July 19 — Washington Mutual Inc., the biggest U.S. savings and loan, agreed to sell a mortgage-related unit to Wells Fargo & Co. to focus on faster-growing businesses such as credit cards. Costs to write down the value of the unit led to a drop in second-quarter profit.

Washington Mutual also said it plans to sell WM Advisors, a money-management unit with about $17.8 billion in assets, by year-end.

Net income dropped 9 percent to $767 million, or 79 cents share, from $844 million, or 95 cents, a year earlier, the Seattle-based company said today in a statement. Selling the mortgage-servicing unit to Wells Fargo cut earnings by $101 million. Revenue rose 17 percent to $3.64 billion.

Washington Mutual sought to reduce its dependence on single- family mortgages for earnings with $6.5 billion of bank and credit card acquisitions in the past year. Demand for new home loans slowed as the Federal Reserve increased short-term interest rates 17 times in the past two years, forcing mortgage lenders to seek growth elsewhere.

"They've been looking to get those low-returning businesses off their balance sheet," Fox-Pitt Kelton analyst Edwin Groshans said in an interview. "They're feeling the pressure from margin compression. The Fed keeps raising rates."

Job cuts and other efforts to slash expenses pared an additional $52 million of earnings. Washington Mutual said profit would have been 94 cents a share excluding the one-time expenses. The company was expected to earn $923 million, or 93 cents a share, the average estimate of 18 analysts surveyed by Thomson Financial.

Wells Fargo said today it agreed to buy from Washington Mutual rights to service $140 billion of mortgages. The San Francisco-based, the No. 5 U.S. lender by assets, will absorb about 800 Washington Mutual employees and a servicing office in Milwaukee as part of the transaction. Washington Mutual expects the sale to result in $50 million more in costs, most of which will be recorded this quarter.

Mortgage-servicing companies mail statements to borrowers and collect interest and principal payments in exchange for a fee.

Groshans, in a note to clients earlier today, said he expects the WM Advisors business to fetch $275 million to $300 million.

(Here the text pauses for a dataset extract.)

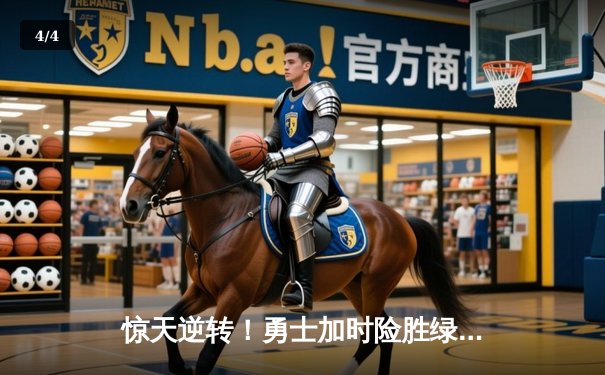 惊天逆转！勇士加时险胜绿军，库里43分创赛季新高 - 4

Shares of Washington Mutual rose 60 cents to $46.42 today in composite trading on the New York Stock Exchange. The stock is the eighth-best performer in the benchmark Philadelphia KBW Bank Index in the past year, climbing 13 percent.

The company said last week it planned to eliminate 900 jobs in its retail and mortgage units. The reductions, coupled with the company's February plan to cut 2,500 positions, will trim more than 5 percent of the company's workforce.

Washington Mutual bought San Francisco's Providian Financial Corp. for $5.5 billion in October to enter the credit card industry and earlier this year agreed to acquire Irvine, California-based real estate lender Commercial Capital Bancorp for $977 million.